= Kyle Loomis =

Former College football player (born 1987)

Kyle Loomis (born September 30, 1987) is a former College football punter.

==Early life==

Loomis was born on September 30, 1987, to Tom and Cathy Loomis in Roseburg, Oregon. He attended Roseburg High School where he lettered in football from 2002 to 2005. He was a first team all conference punter for three seasons, and a first team kicker for two. As a junior and senior, he was named first team all state as a punter. In his senior season, he was named team MVP and second team all state as a kicker.

==Oregon State==

Loomis accepted an offer to Oregon State, where he started at punter as a true freshman. In his freshman season, he averaged 41.3 yards per punt.

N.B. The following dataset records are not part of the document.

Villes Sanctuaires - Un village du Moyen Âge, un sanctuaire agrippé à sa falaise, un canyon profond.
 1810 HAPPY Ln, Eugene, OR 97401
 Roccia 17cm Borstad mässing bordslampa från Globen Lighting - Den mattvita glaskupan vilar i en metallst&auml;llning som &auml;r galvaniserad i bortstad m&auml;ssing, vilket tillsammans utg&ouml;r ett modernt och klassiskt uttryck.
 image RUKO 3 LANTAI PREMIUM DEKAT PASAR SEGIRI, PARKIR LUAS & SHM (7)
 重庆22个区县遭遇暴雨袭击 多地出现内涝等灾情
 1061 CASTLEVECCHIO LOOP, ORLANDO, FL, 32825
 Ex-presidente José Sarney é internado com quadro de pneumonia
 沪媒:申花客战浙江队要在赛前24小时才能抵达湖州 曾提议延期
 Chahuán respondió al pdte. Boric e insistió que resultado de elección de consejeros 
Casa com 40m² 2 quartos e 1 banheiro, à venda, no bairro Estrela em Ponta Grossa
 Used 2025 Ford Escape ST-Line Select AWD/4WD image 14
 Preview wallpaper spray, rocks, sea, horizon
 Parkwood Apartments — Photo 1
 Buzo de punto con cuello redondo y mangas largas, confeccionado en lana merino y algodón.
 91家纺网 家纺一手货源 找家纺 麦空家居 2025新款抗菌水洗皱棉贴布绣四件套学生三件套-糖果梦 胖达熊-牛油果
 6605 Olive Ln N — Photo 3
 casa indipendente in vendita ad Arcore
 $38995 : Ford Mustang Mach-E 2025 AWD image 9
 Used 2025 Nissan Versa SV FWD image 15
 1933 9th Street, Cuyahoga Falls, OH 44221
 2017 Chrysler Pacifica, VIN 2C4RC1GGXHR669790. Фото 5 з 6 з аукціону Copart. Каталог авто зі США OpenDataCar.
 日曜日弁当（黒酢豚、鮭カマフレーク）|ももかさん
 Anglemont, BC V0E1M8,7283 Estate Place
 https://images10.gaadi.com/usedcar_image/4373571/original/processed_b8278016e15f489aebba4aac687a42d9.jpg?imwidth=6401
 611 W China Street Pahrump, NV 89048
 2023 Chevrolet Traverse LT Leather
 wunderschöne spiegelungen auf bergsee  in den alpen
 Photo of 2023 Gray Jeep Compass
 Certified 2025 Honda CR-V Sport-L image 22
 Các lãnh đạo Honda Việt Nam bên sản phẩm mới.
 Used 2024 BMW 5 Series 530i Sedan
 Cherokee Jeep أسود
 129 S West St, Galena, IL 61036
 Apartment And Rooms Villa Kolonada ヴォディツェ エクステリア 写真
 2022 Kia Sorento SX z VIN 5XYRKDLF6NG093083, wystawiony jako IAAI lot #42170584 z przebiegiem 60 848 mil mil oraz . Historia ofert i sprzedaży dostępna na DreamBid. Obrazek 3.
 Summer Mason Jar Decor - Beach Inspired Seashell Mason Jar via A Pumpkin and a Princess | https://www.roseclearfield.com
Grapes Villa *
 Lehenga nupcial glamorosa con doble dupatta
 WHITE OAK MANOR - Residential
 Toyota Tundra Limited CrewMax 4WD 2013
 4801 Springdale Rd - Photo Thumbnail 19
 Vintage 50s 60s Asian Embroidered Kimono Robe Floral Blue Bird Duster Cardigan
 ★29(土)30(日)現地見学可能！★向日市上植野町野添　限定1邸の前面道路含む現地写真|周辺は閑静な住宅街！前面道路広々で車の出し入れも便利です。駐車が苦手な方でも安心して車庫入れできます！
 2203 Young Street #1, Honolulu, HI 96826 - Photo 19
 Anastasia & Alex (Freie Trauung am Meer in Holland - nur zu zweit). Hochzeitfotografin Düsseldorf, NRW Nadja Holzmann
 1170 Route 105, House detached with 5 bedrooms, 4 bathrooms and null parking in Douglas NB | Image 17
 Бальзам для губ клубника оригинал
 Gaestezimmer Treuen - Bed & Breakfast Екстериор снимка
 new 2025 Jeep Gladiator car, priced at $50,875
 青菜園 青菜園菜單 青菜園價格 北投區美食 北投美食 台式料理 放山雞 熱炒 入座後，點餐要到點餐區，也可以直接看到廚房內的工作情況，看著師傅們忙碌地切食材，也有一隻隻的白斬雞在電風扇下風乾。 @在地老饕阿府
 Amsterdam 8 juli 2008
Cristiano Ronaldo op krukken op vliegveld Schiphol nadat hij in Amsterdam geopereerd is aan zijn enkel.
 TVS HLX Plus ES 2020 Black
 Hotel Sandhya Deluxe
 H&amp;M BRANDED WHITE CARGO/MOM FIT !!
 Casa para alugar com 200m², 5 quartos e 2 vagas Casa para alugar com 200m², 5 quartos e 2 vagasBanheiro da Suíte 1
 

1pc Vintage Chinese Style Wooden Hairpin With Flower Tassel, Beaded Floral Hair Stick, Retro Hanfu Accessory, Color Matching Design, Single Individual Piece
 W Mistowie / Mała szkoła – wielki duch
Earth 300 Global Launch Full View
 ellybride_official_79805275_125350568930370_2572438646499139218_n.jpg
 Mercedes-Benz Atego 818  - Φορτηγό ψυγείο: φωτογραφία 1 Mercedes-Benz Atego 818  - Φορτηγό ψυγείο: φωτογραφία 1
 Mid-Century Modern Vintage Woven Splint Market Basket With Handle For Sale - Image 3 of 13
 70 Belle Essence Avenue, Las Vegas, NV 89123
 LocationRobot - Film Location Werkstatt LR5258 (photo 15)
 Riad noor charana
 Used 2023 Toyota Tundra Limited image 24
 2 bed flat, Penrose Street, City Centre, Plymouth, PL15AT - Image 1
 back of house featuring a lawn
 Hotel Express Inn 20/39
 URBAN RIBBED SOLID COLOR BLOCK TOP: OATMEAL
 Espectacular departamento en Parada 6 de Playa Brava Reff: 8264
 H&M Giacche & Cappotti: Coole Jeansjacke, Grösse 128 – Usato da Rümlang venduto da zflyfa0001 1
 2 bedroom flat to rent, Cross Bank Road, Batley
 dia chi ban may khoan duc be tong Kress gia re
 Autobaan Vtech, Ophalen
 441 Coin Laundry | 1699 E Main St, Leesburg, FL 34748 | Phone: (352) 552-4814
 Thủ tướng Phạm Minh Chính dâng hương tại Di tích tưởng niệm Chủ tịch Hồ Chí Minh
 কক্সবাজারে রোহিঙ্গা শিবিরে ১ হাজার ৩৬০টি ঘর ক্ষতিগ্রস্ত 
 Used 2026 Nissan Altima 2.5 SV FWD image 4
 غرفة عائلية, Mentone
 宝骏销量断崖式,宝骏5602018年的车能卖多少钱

Despite an outstanding freshman year, Loomis left the team shortly before fall camp for personal reasons.

==Military service==

Loomis enlisted in the Army in 2007, where he was assigned to the 2-325 Airborne Infantry Regiment - 82nd Airborne Division in Fort Bragg, NC. After nearly a four-year career, Loomis received an honorable discharge from the Army. He returned home to Roseburg, Oregon and obtained a position as an interim engineer with the Oregon Department of Transportation.

==Portland State==

After seven years away from football, Loomis enrolled at Portland State University in the fall of 2012. He walked onto the football team, and led the nation in punting, with an average of 46.5 yards. While at Portland State, he majored in criminal justice.

==Professional career==

Loomis participated in the 2015 Seattle Seahawks minicamp on a tryout basis.